-- WORK REQUIRED --
Only the pictures are to be left out; write out the rest of the data exactly.

-- RECORDED DATA --

=== Section Start ===

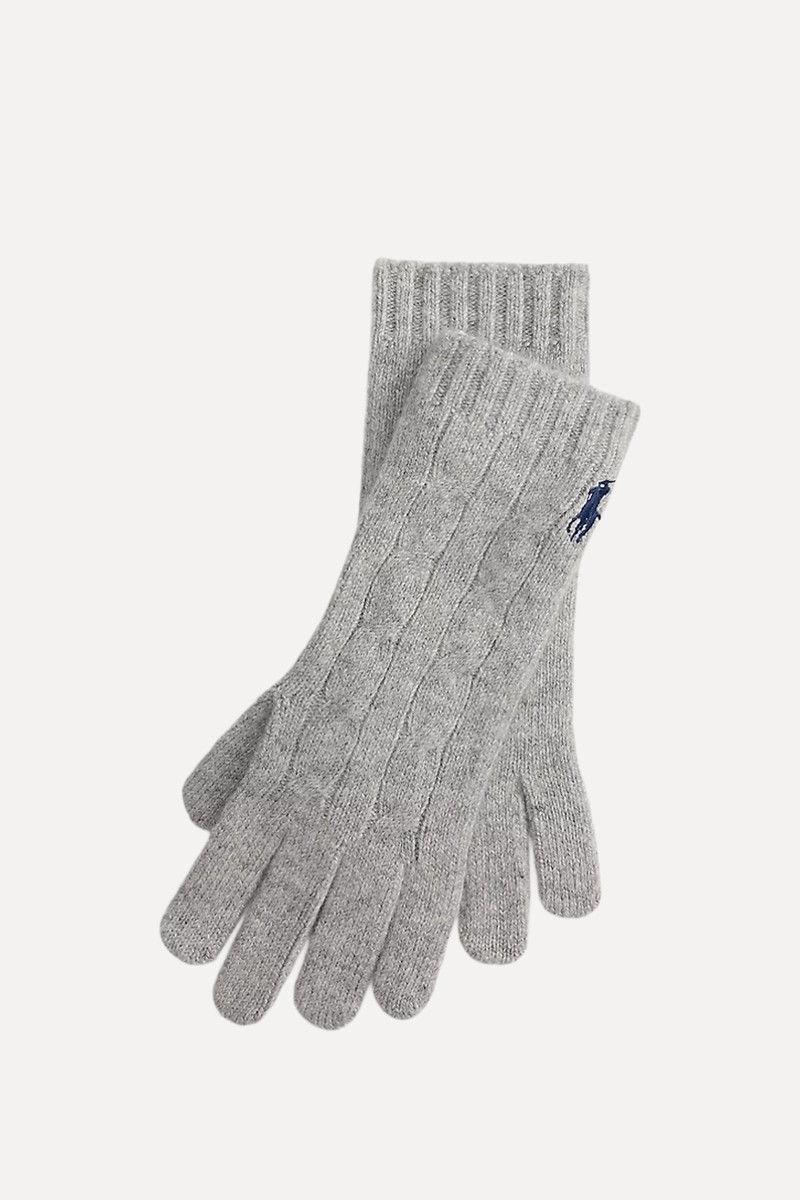 Cable-Knit Wool-Cashmere Gloves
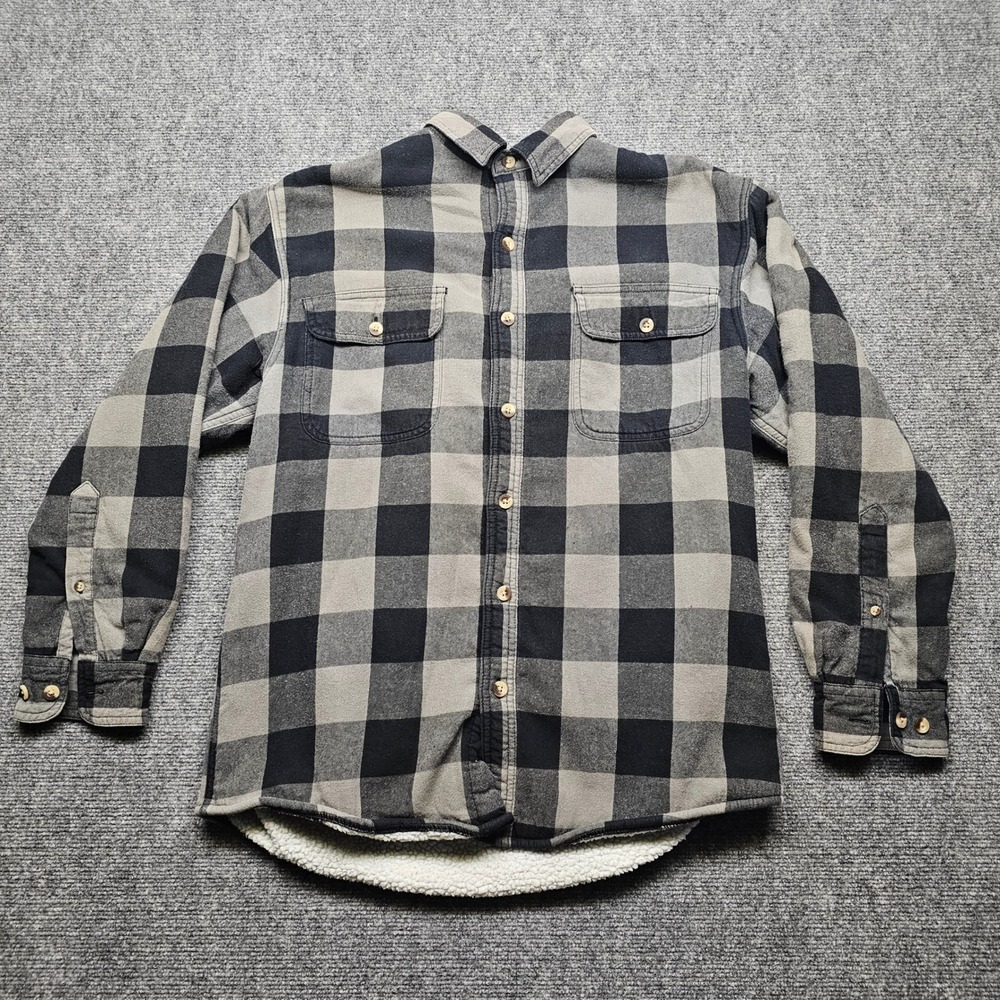 RedHead Mens M Grey Black Buffalo Plaid Sherpa Lined Flannel Shirt Jacket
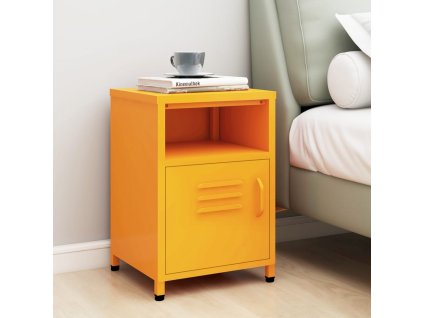 Noční stolek hořčicově žlutý 35 x 35 x 51 cm ocel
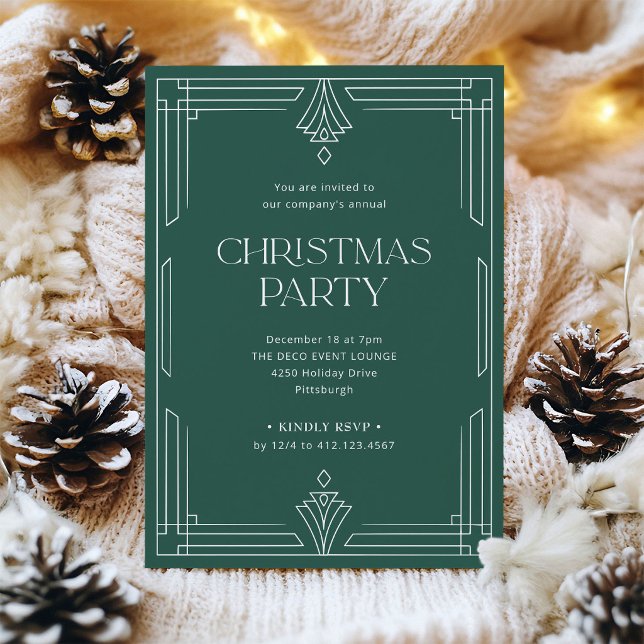 Invitation Fête de Noël élégante | Art déco vert classique (Créateur téléchargé)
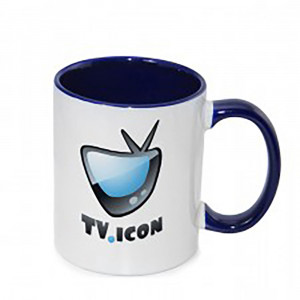 Cană (cupă) cu mâner colorat, colorată în interior cu imprimeul tău. Photo 3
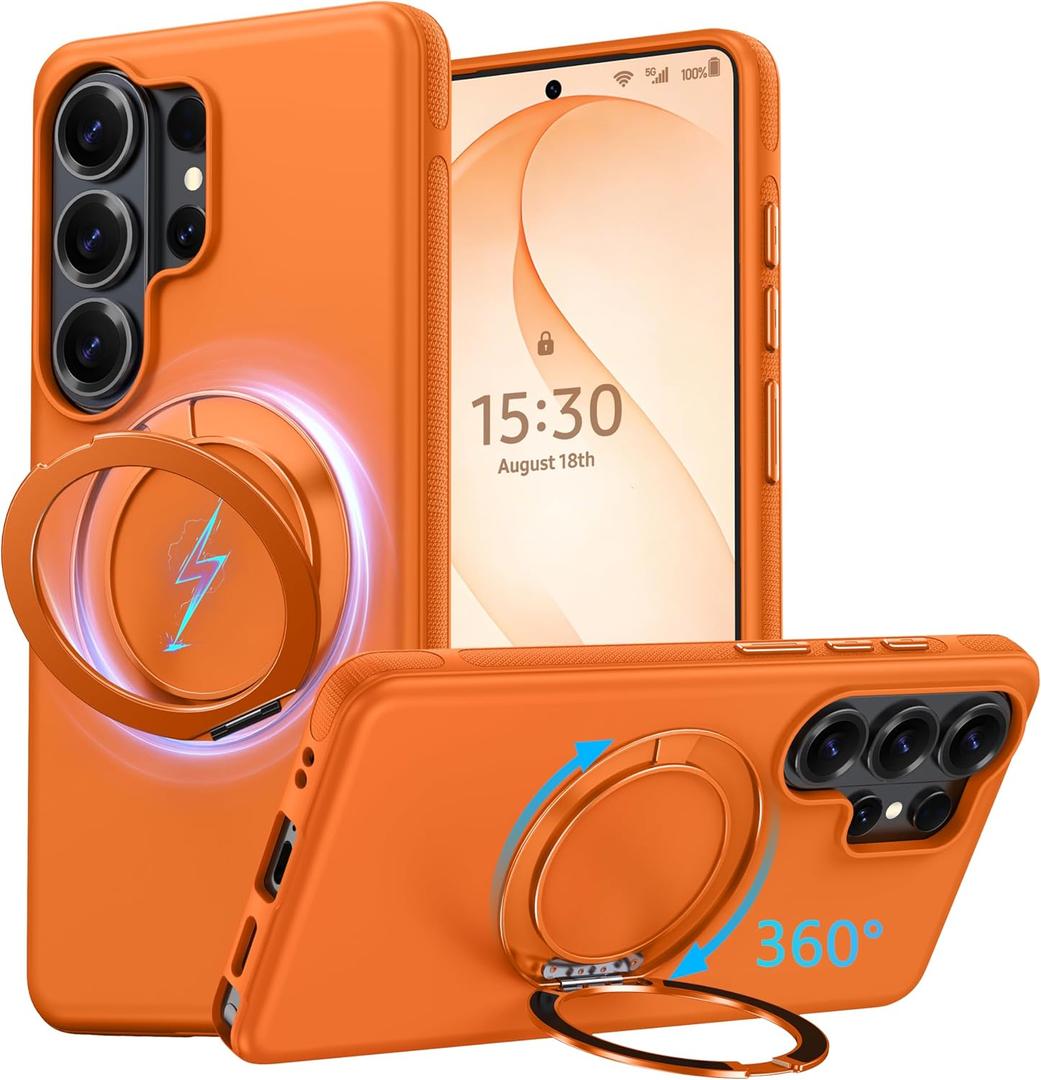 Oterkin for Samsung Galaxy S26 Ultra Case with 360 Spin Magnetic Stand [Fit for MagSafe] [Non-Slip] [15FT-Shockproof] Slim Protective Case for Galaxy S26 Ultra Men/Women, Orange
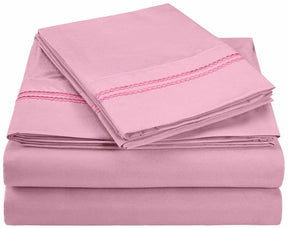 Superior 3000 Series Wrinkle Resistant 2 Line Embroidery Sheet Set - Pink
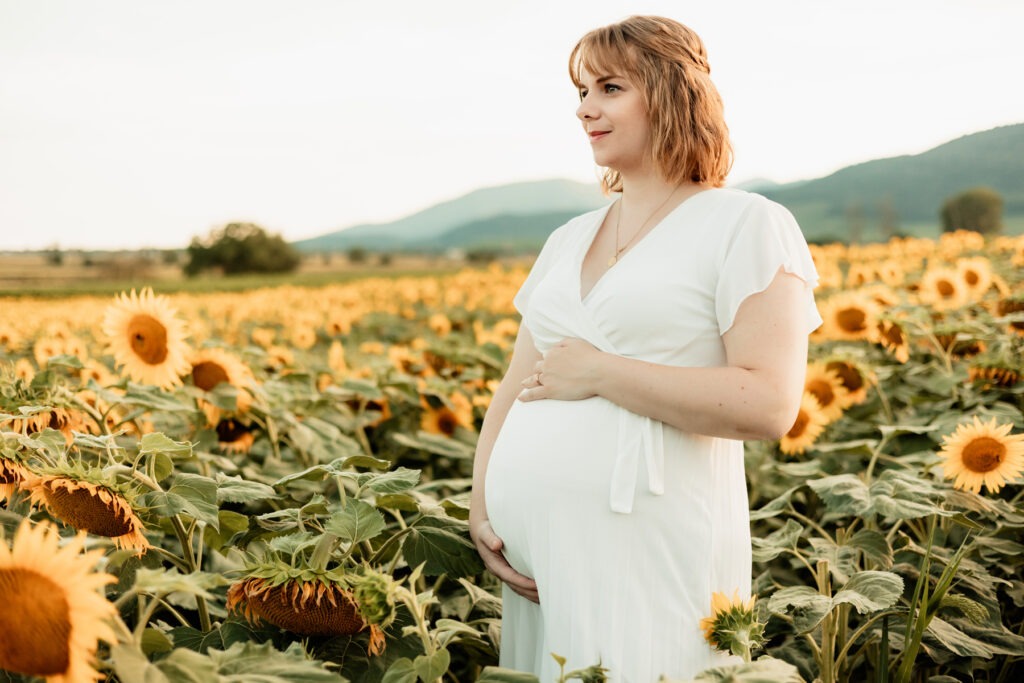 Séance maternité en extérieur dans un champ de tournesols au Bollenberg, portrait de future maman à la golden hour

=== Section End ===

-- SOLUTION TO THIS TASK --
 Cable-Knit Wool-Cashmere Gloves
 RedHead Mens M Grey Black Buffalo Plaid Sherpa Lined Flannel Shirt Jacket
 Noční stolek hořčicově žlutý 35 x 35 x 51 cm ocel
 Invitation Fête de Noël élégante | Art déco vert classique (Créateur téléchargé)
 Cană (cupă) cu mâner colorat, colorată în interior cu imprimeul tău. Photo 3
 Oterkin for Samsung Galaxy S26 Ultra Case with 360 Spin Magnetic Stand [Fit for MagSafe] [Non-Slip] [15FT-Shockproof] Slim Protective Case for Galaxy S26 Ultra Men/Women, Orange
 Superior 3000 Series Wrinkle Resistant 2 Line Embroidery Sheet Set - Pink
 Séance maternité en extérieur dans un champ de tournesols au Bollenberg, portrait de future maman à la golden hour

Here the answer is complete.